TimG, no it isn't. It costs absolutely nothing.

There will always be someone pushing the envelope so your security point is again a lie.

Canada post already handles cash.

It isn't extra money.

You have done nothing to demonstrate how this would require more effort. In fact me paying money in a bank in cash or paying cash direct it is more efficient to pay direct because it doesn't involve a middle man.

Sorry your whole model is failure by design because it places banks and financial services as the gatekeepers to do business.

Your model is flawed. Banks add costs that is why they make billions. The billions don't come from thin air, and someone is definately paying.

Canada post could be a bank, it already stores goods. You just don't want to not be retarded in how you view the status quo.

You are saying, but it has to be this way, it lets banks control monetary policy and turns government into a business instead of a source of monetary control.

Fascist!

Cash is less burdeonsome than electric, which is also dependent on electricity which can fail. Cash doesn't disapear when it is hacked. Your model is technologically dependent, and requires a middle man to delegate business processes for government which the government is bound to contract with.

You subject government to private powers. You are fascist.

You are rejecting sovreignty for Canadians in how they interact with their government, and your postion is unconstitutional.

It cannot be supported.

People should have a means of direct control of their money, not be required to give it to a bank to manage as their own.

The money in your bank account is the banks not your own.

Being at the whim of financial institutions should not be forced on the people.

Giving financial institutions a veto on when to transact or allow your business is not something the public should be bound to.

We should control our own money, not be forced to give it to others who control the monetary system.

We deserve freedom of our currency, not for it to be controlled by our masters. We don't need masters.

You are lying about increased costs, in fact the government is bound and dependent on the financial services to be able to serve essential public services through your suggestion.

We should have freedom of association not Corporatocracy ruled by financial service providers.
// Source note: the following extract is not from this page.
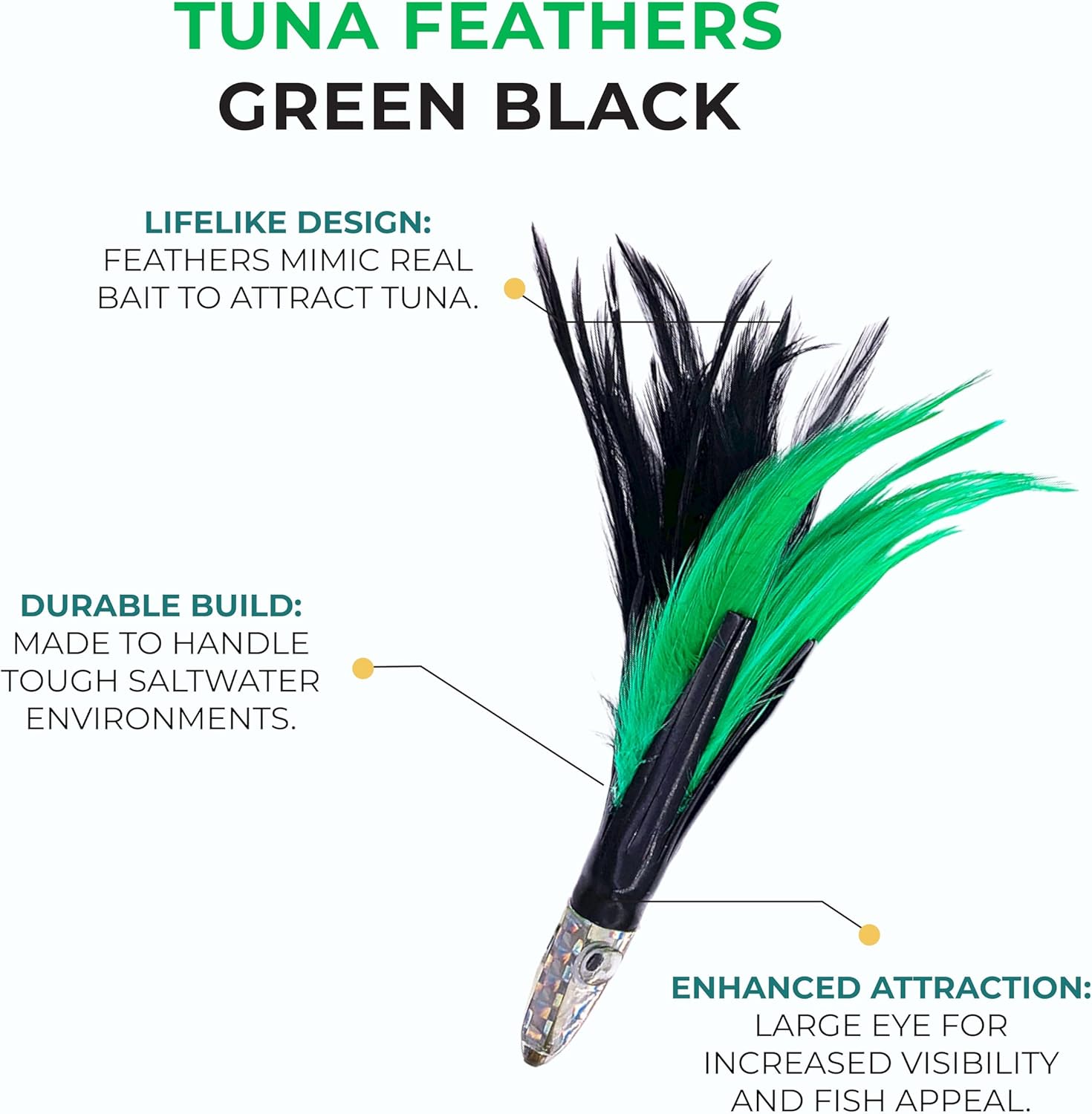 6" Tuna Feathers Black/Green - 6 Pieces Saltwater Trolling Lures | Deep Sea Fishing Lures for Tuna, Mahi & Wahoo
I want to be able to pay for my passport, which is forced as a barrier to international and constitutional mobilitiy rights with Cash,

not be vetoed on my human rights by http://www.globalistagenda.org/

It lets them make more money, it does not save us money.

http://www.globalistagenda.org/finance.htm

It is more efficient to pay direct because it doesn't involve a middle man.

Further these government services could be held to account and not cause a deficit by needing to pay their way with their earnings, or whatever the government sent to them. I have the hunch most funds would be flowing from government and anything paid to them would be kept at the point it went in. This is a way of insuring fiscal accountability.

If they had such a need to transfer money to the consolidated revenue fund or corporate HQ after their costs were paid perhaps cost of services should be rethought, since they would be making money off essential public services instead of providing a non-profit service.

Your process isn't providing for the government to manage expenditures and manage services logically, by insuring that costs are paid by those using the services where there are fees for services, instead of just inventing costs. It would allow them to better manage how these services are provided.

Part of the issue is that private debt is high so people don't have money, they have liquidity as long as they keep paying their debt interest.

People loose their liquidity to the whim of financial service providers if they hold electronic notes controlled by financial controllers. Cash is liquidity. Loss of liquidity is complete dependence on the controllers of the system.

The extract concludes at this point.